The semiconductor circuit breaker generally has a composite structure including a mechanical circuit breaker and an electronic circuit breaker. That is, the semiconductor circuit breaker does include not only a semiconductor switch, but also a mechanical switch (air gap switch) to mechanically (physically) disconnect a circuit by using an auxiliary method.

Meanwhile, the semiconductor circuit breaker is mainly applied to a direct current (DC) power supply circuit. In this case, the DC circuit breaker has such an advantage that positions of a power source and a load may be easily set.

As illustrated in FIG. 1, when the DC circuit breaker is disposed in a system or a circuit in a positional order such as ‘the DC power source 3->the DC circuit breaker 2->the load 1 (Case a), current flows from left to right as illustrated in the drawing.

In addition, when a DC circuit breaker is disposed in a system or a circuit in a positional order such as ‘a load 1->a DC circuit breaker 2->a DC power source 3 (Case b), current flows from right to left as illustrated in the drawing.

Further, the DC circuit breaker may be equipped in a circuit in which current bidirectionally flows (Case c). That is, a first power source 4 and a second power source 5 are disposed at front and rear ends of the DC circuit breaker 2, respectively. Here, the first power source 4 or the second power source 5 may be configured as batteries.

FIG. 2 is a perspective view of a semiconductor circuit breaker. The semiconductor circuit breaker includes a switching device 6 and an air gap switch 7. Here, the switching device 6 includes a power semiconductor switch, and the air gap switch refers to a mechanical switch.

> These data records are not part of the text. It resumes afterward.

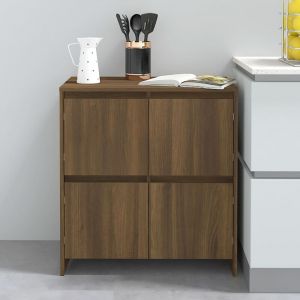 VidaXL Buffet 70x41x75 cm Agglom&eacute;r&eacute; Ch&ecirc;ne marron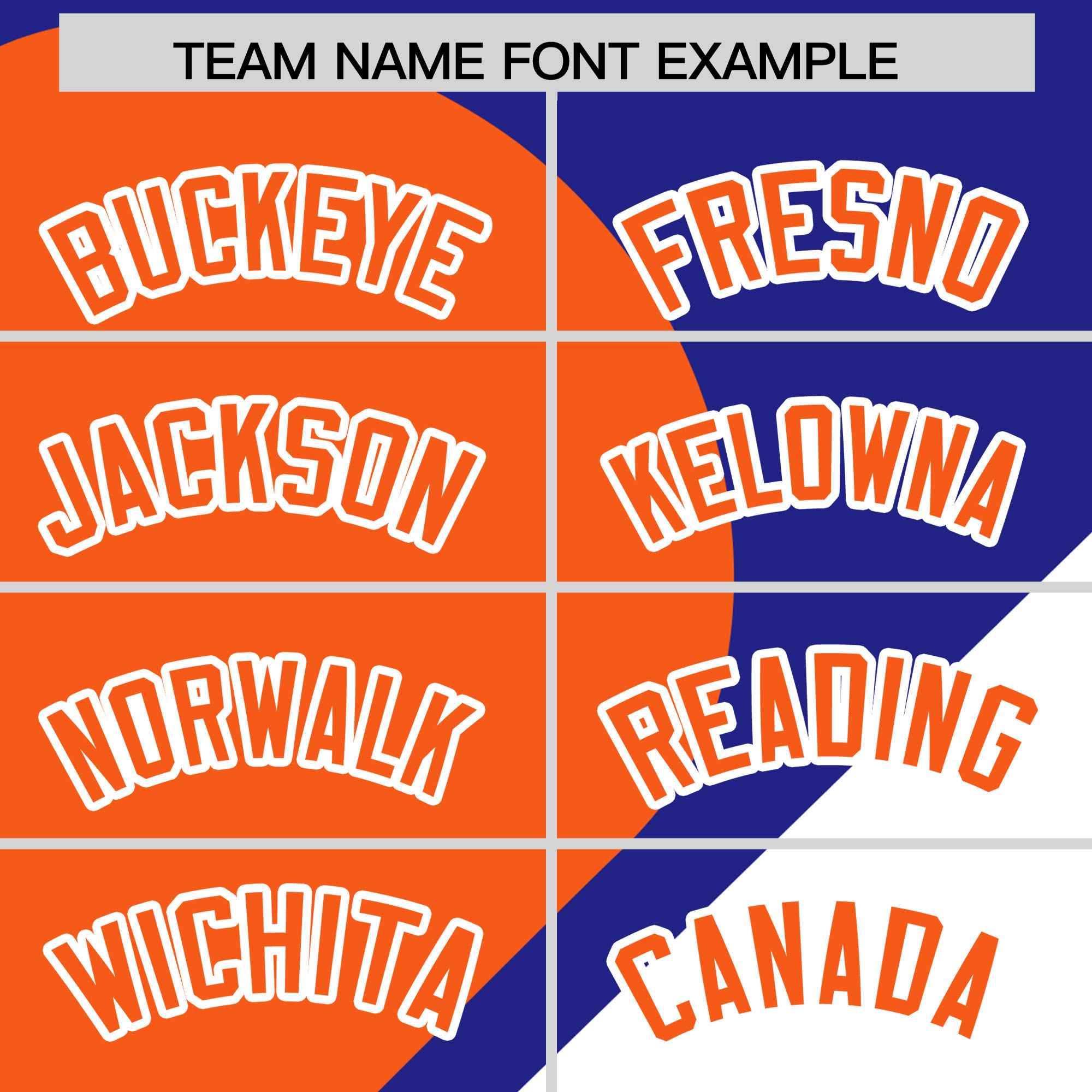 Custom Royal Orange-White Color Block Personalized Half Heart Pattern Authentic Baseball Jersey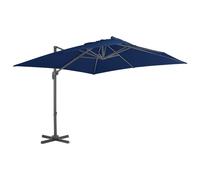 Vidaxl Parasol Déporté Avec Mât En Aluminium 3x3 M Bleu Azur Bleu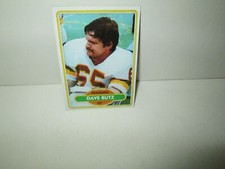 DAVE BUTZ 1980 football card Topps #499 Rookie Rc WASHINGTON REDSKINS DT Nm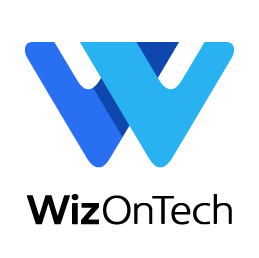 (주)위즈온텍의 기업로고
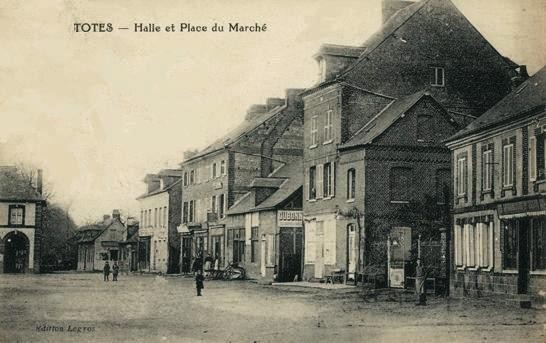 Totes seine maritime place du marche et halle cpa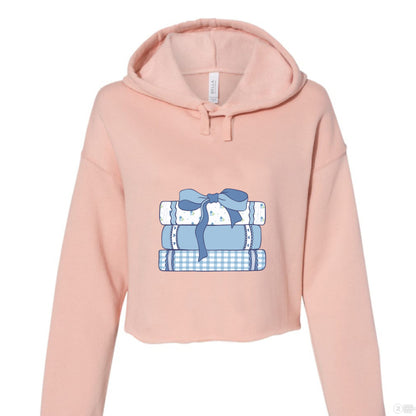 Customizable: Girly Book Club Cropped Fleece Hoodie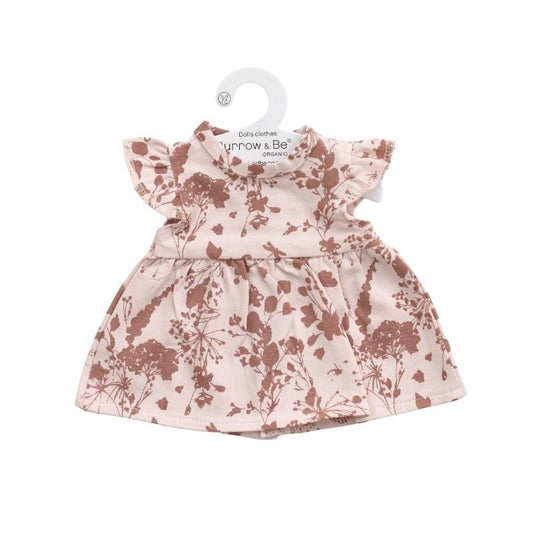 Burrow & Be Doll Clothing Flower Splash Dress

A heatsink 8 and a heat dissipation fan 9 are disposed below the switching device 6 and the air gap switch 7 to perform cooling.

In a case of the mechanical switch (air gap switch), great heat is generated from a contact portion during circuit breaking. Thus, since heat is discharged to a periphery, the heat needs to be cooled, and a configuration for efficient cooling is needed.

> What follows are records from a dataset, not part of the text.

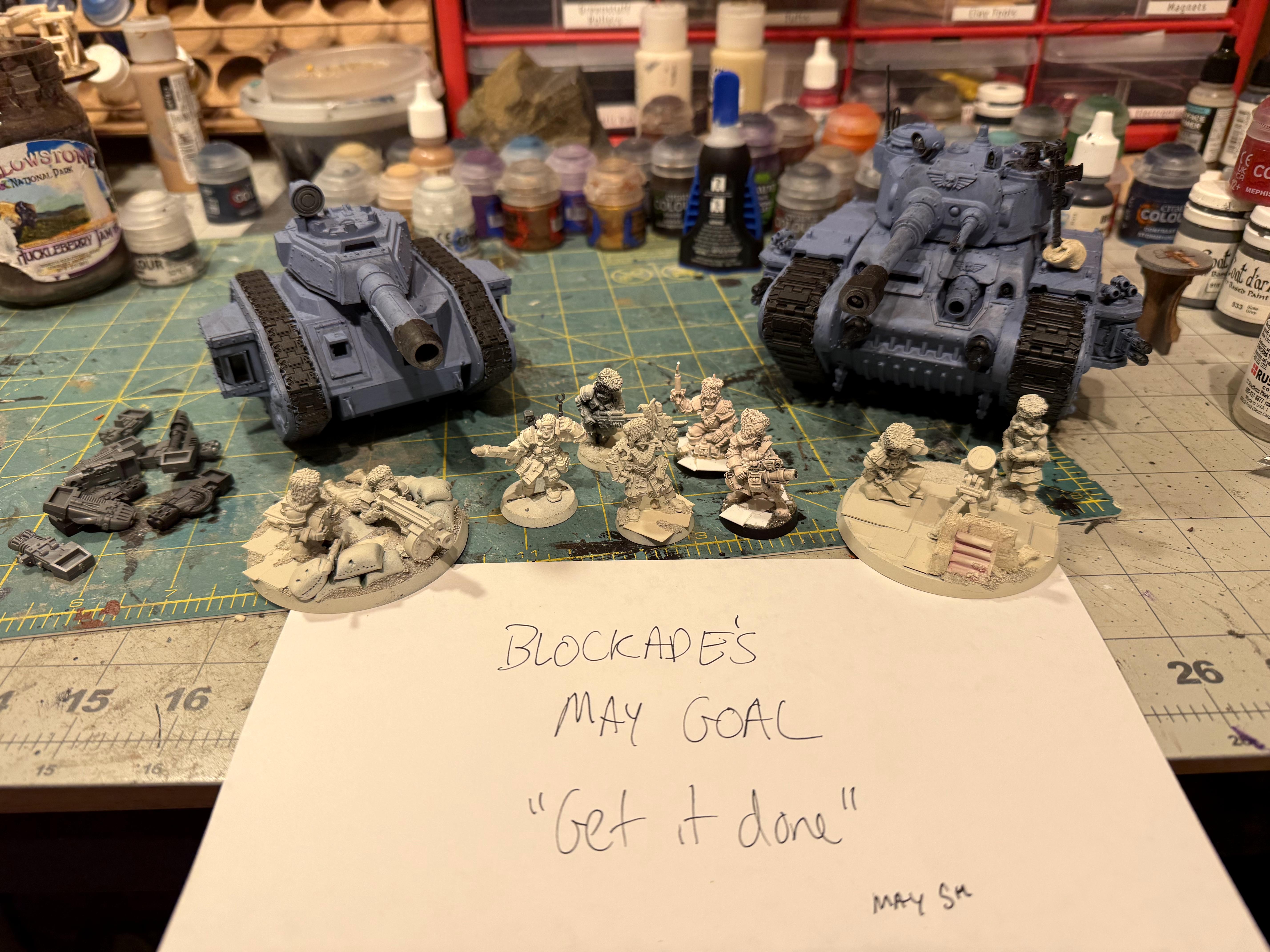Astra Militarum, Conversion, Hobby Progress Challenge, Imperial Guard, Leman Russ, Rogal Dorn, Tank, Urban Combat, Vostroyans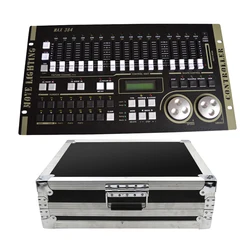 Flycase Max 384 DMX Controller Stage light DMX Master Console For XLR-3 Led Par BeamMoving Head DJ light Stage Effect Light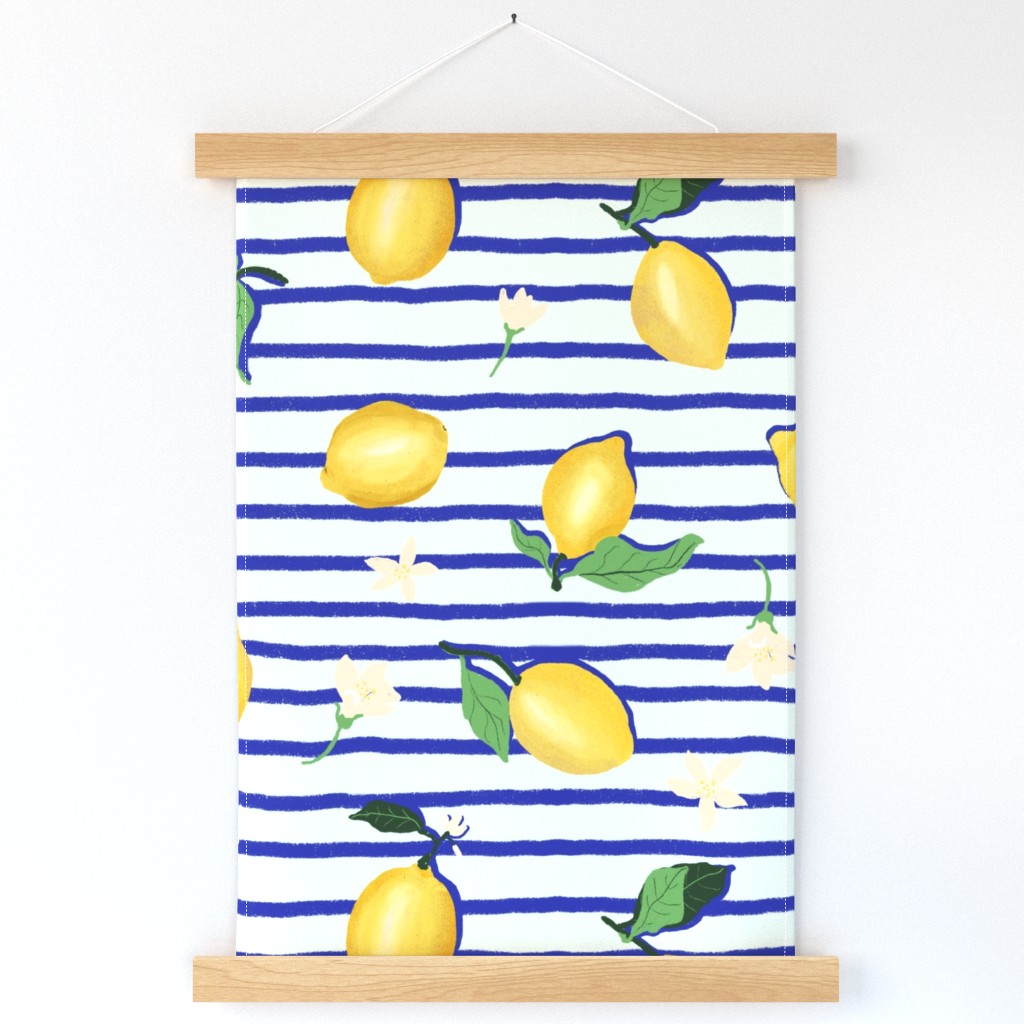 Lemon Juice Stripes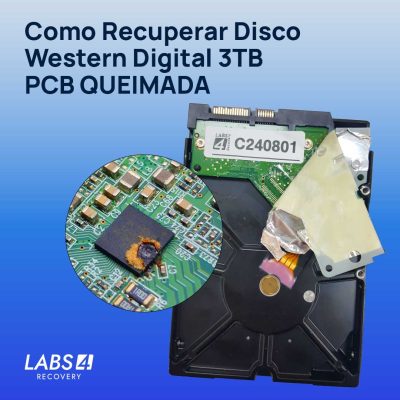 Recuperação de Dados Disco Rígido Western Digital 3TB WD30EFRX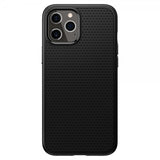 Spigen iPhone 12 Pro Max Deksel Liquid Air Matte Black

Meanwhile, such heat dissipation needs to be efficiently performed in a limited space of the semiconductor circuit breaker. Thus, since it is desirable to reduce a size of the semiconductor circuit breaker, the semiconductor circuit breaker may be configured to occupy a small space and have efficient heat dissipation performance.

In addition, convenience of maintenance needs to be considered. The semiconductor circuit breaker needs to be manufactured by taking into account a need for maintenance of components such as a switching device, an air gap switch, a heatsink, etc.

DISCLOSURE OF INVENTION
Technical Problem

Therefore, to obviate those problems, an aspect of the detailed description is to provide a semiconductor circuit breaker having efficient cooling performance.

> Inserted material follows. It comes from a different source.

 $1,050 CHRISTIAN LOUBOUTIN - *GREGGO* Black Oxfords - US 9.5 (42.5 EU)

In addition, an aspect of the detailed description is to provide a direct current (DC) circuit breaker having a small occupying space and enhanced heat dissipation characteristics.

In addition, an aspect of the detailed description is to provide a semiconductor circuit breaker configured such that components are detachably equipped to facilitate maintenance.

Solution to Problem

To achieve these and other advantages and in accordance with the purpose of the present disclosure, as embodied and broadly described herein, there is provided a semiconductor circuit breaker including: a switching device provided in an upper space of an enclosure; an air gap switch (mechanical switch) provided in the upper space and disposed forward or rearward of the switching device; a heatsink disposed in a lower space of the enclosure and coupled to a lower portion of the switching device; and a cooling fan disposed in the lower space and disposed in a front portion of the enclosure.

Here, a base plate may be included between the upper space and the lower space.

The semiconductor circuit breaker may further include an electric circuit disposed on an upper portion of the switching device.

The switching device, the air gap switch, and the electric circuit may be detachably equipped in an upper portion of the base plate, and the heatsink and the cooling fan may be detachably equipped in a lower portion of the base plate.

The enclosure may have a first ventilation disposed in an upper rear portion, a second ventilation hole disposed in a lower rear portion, and a third ventilation hole disposed in a lower front portion.

A plurality of upper and lower ventilation holes may be disposed in a periphery of the base plate.

The base plate may be disposed to have a larger area than an area of the air gap switch, and the upper and lower ventilation holes may be disposed adjacent to the air gap switch or adjacent to the cooling fan.

The upper and lower ventilation holes may be disposed in a front portion of the base plate, but not disposed in a rear portion of the base plate.

The base plate may be made of aluminum (AI).

Advantageous Effects of Invention

In the semiconductor circuit breaker according to one embodiment of the present disclosure, a heatsink and a cooling fan are positioned below a switching device and an air gap switch to thereby have a great cooling effect.

Here, an enclosure includes a base plate to be divided into an upper space and a lower space. Thus, inner components are disposed at two levels in the enclosure, and an occupying area of the enclosure viewed from above is decreased.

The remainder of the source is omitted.